The President said one thing in which I differ from him. He says ‘The opposition politicians are so blinded with rage seeing themselves unable to control the politics of the country that they may be able to manage the Chicago convention for some violent end, but they cannot transfer the people, the honest though misguided masses to the same course[.]” I said “I thought the reverse to be true: that the sharp managers would go to Chicago to try to do some clever and prudent thing such as nominate Grant without platform: but that the barefooted Democracy from the heads of the hollows who are now clearly for peace would carry everything in the Convention before them. As it was at Cleveland; the New York politicians who came out to intrigue for Grant could not get a hearing.
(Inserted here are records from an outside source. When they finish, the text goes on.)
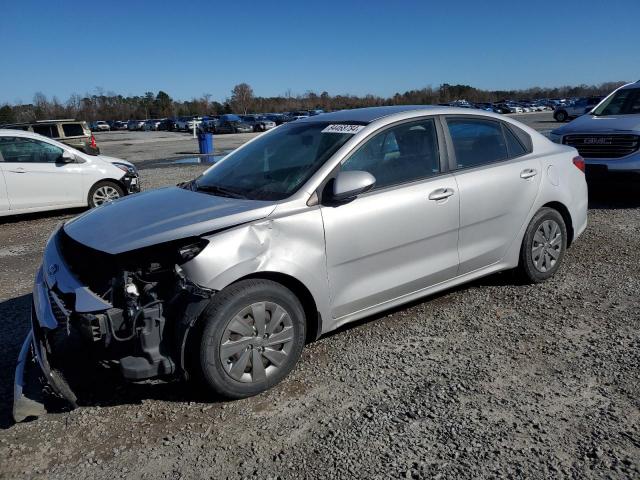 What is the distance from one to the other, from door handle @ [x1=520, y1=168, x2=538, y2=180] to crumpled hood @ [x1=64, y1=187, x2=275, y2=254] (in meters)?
2.35

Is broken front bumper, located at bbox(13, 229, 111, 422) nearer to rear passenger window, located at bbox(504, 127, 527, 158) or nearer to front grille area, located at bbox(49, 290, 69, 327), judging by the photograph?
front grille area, located at bbox(49, 290, 69, 327)

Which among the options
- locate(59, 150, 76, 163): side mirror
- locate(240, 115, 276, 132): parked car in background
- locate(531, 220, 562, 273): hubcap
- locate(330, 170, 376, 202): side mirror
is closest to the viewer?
locate(330, 170, 376, 202): side mirror

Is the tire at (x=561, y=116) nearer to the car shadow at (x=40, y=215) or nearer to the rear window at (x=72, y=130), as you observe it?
the rear window at (x=72, y=130)

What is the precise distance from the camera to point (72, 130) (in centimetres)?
1919

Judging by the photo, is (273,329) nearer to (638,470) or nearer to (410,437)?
(410,437)

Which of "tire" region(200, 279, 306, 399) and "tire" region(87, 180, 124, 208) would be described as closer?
"tire" region(200, 279, 306, 399)

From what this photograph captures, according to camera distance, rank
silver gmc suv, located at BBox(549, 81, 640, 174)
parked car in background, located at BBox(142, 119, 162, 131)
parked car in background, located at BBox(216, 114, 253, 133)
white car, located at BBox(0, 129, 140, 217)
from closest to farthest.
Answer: silver gmc suv, located at BBox(549, 81, 640, 174) → white car, located at BBox(0, 129, 140, 217) → parked car in background, located at BBox(216, 114, 253, 133) → parked car in background, located at BBox(142, 119, 162, 131)

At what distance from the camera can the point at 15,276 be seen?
590 cm

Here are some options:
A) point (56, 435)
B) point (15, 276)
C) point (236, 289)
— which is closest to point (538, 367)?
point (236, 289)

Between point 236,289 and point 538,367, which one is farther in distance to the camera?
point 538,367

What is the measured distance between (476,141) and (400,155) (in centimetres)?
86

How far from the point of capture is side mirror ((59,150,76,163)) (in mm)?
9117

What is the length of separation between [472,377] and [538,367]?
1.54 feet

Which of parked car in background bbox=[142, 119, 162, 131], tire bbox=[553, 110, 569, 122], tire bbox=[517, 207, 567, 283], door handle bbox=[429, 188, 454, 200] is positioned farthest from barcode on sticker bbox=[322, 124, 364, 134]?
parked car in background bbox=[142, 119, 162, 131] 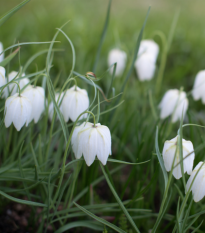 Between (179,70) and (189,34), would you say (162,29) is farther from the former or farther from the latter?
(179,70)

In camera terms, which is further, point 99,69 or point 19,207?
point 99,69

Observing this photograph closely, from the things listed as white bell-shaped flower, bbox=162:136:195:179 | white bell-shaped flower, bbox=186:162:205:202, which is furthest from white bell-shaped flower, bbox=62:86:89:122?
white bell-shaped flower, bbox=186:162:205:202

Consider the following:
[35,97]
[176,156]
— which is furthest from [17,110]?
[176,156]

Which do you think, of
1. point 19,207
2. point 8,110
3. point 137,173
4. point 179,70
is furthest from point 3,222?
point 179,70

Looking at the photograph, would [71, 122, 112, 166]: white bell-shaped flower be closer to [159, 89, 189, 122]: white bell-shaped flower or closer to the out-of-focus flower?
[159, 89, 189, 122]: white bell-shaped flower

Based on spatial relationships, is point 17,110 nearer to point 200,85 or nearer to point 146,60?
point 200,85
They were as a feather in the wind in the midst of that blast of German fanaticism. I think my idea is sustained by the action of the Illinois Convention which endorses Val. On his return & pledges the party strength to protect him. In the stress of this war politics have drifted out of the hands of politicians & are now more than ever subject to genuine popular currents.”

The President said he would take the matter into consideration and would write tomorrow the 18th to Brough & Heintzelman about Val. And to Rosecrans at an early day.

Elsewhere in unseasonably hot morning, there is an explosion at the Washington Arsenal and 21 young women, mostly Irish-Americans, were killed while packing cartridges in their unhealthy and cramped working conditions.